Adapun Suliman Baldo, Direktur Sudan Transparency and Policy Tracker, sebuah lembaga pemantau demokrasi di Khartoum, mengatakan upaya militer memulihkan hak politik kaum Islamis dan bekas pemberontak pro-Bashir akan semakin memicu eskalasi konflik.
Tuduhan itu dibantah oleh junta militer. Kepada Reuters, seorang pejabat Sudan menjamin militer berupaya membentuk "konsensus nasional” tanpa melibatkan NCP. Adapun Jenderal al-Burhan mengatakan, akan mengkaji ulang penempatan kembali bekas pejabat NCP di pemerintahan.
Peran NCP dalam penyelenggaraan pemilu
Diplomat asing dan analis internasional menilai, upaya militer memulihkan hak politik partai-partai Islam pro-Bashir sudah sejalan dengan transisi demokratis. Ini membuka jalan bagi terselenggaranya pemilu yang kredibel sebagai syarat kucuran dana bantuan internasional.

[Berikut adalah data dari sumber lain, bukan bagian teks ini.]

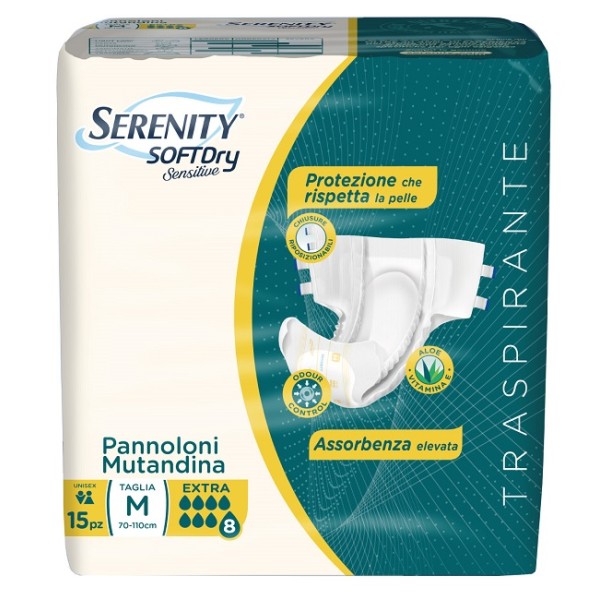 SERENITY*Mut.SD Sens.Ex M 15pz SERENITY*Mut.SD Sens.Ex M 15pz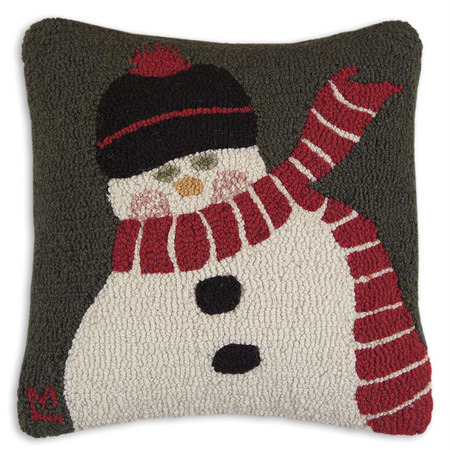 Snowman Pillow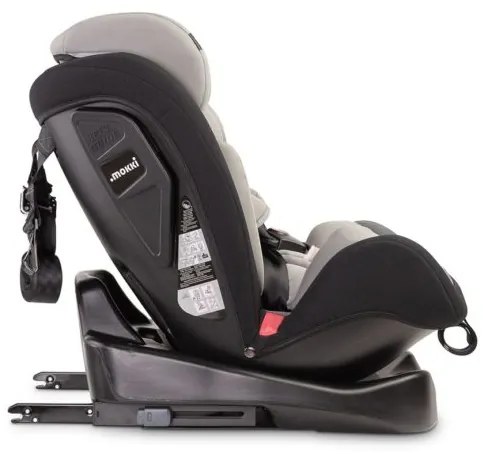 CARETERO Autosedačka CARETERO Mokki SPS graphite
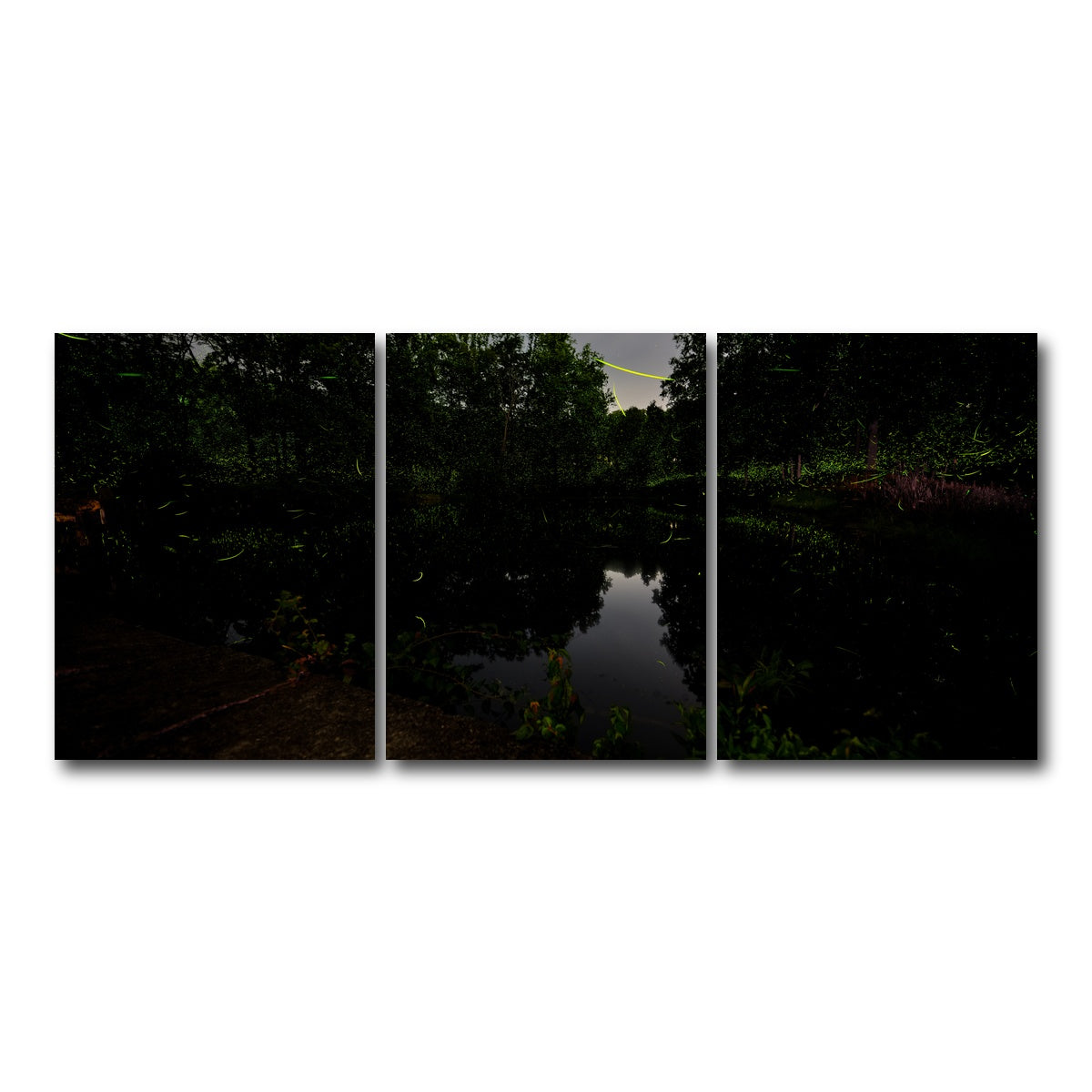 AUTO-MOCKUP WHITE | The Light Remembered | 3 Piece | Gallery Wrap Canvas | group=18x24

"Sudan berada dalam krisis eksistensial,” kata Amani al-Taweel dari lembaga wadah pemikir Mesir, al-Ahram Center. "Semua orang khawatir karena potensi Sudan sebagai wadah terorisme,” ujarnya.

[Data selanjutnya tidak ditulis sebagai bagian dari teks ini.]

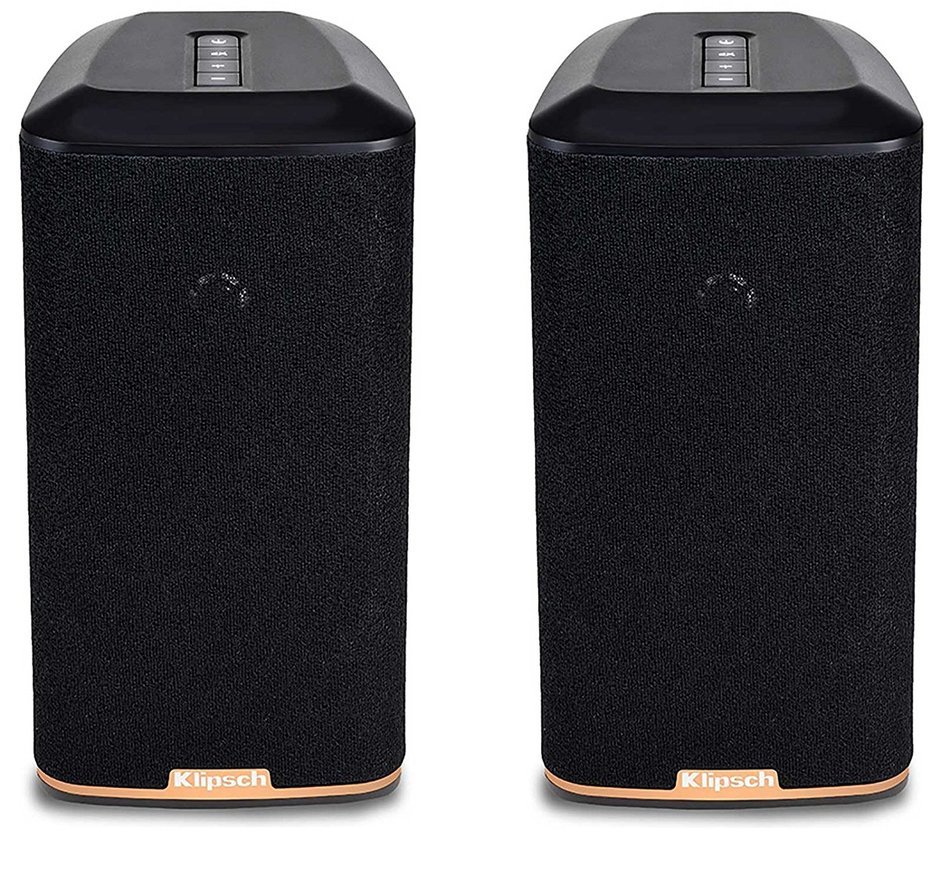 Klipsch RW-1 Wireless Speaker, Black (Pair) N3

Meski dilarang pada 2019 pasca kejatuhan al-Bashir, kader NCP yang kembali menjabat dinilai berpeluang mempengaruhi jalannya pemilihan umum. Bashir sendiri saat ini berstatus narapidana, meski lebih banyak menghabiskan waktu di rumah sakit.

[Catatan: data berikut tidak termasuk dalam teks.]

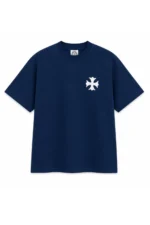 Chrome Hearts Blue Signature Graphic T-Shirt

"Kami menyambut peran baru dalam sistem dan pemerintahan sipil selama periode transisi untuk membawa kita menuju pemilu yang bebas dan adil,” kata Ketua Umum NCP, Ibrahim Gandhour, kepada statsiun televisi al-Jazeera.
Pernyataan tersebut mencuatkan kecurigaan perihal niat NCP terkait pemilihan umum. Nasredeen Abdulbari, bekas Menteri Kehakiman dalam pemerintahan transisi Sudan yang dijatuhkan dalam kudeta mengatakan, junta juga memulihkan jabatan bekas perwira pro-Bashir di tubuh angkatan bersenjata.
"Mustahil membangun sebuah negara baru, jika Anda tidak meruntuhkan rejim lama terlebih dahulu,” kata Abdulbari kepada Reuters.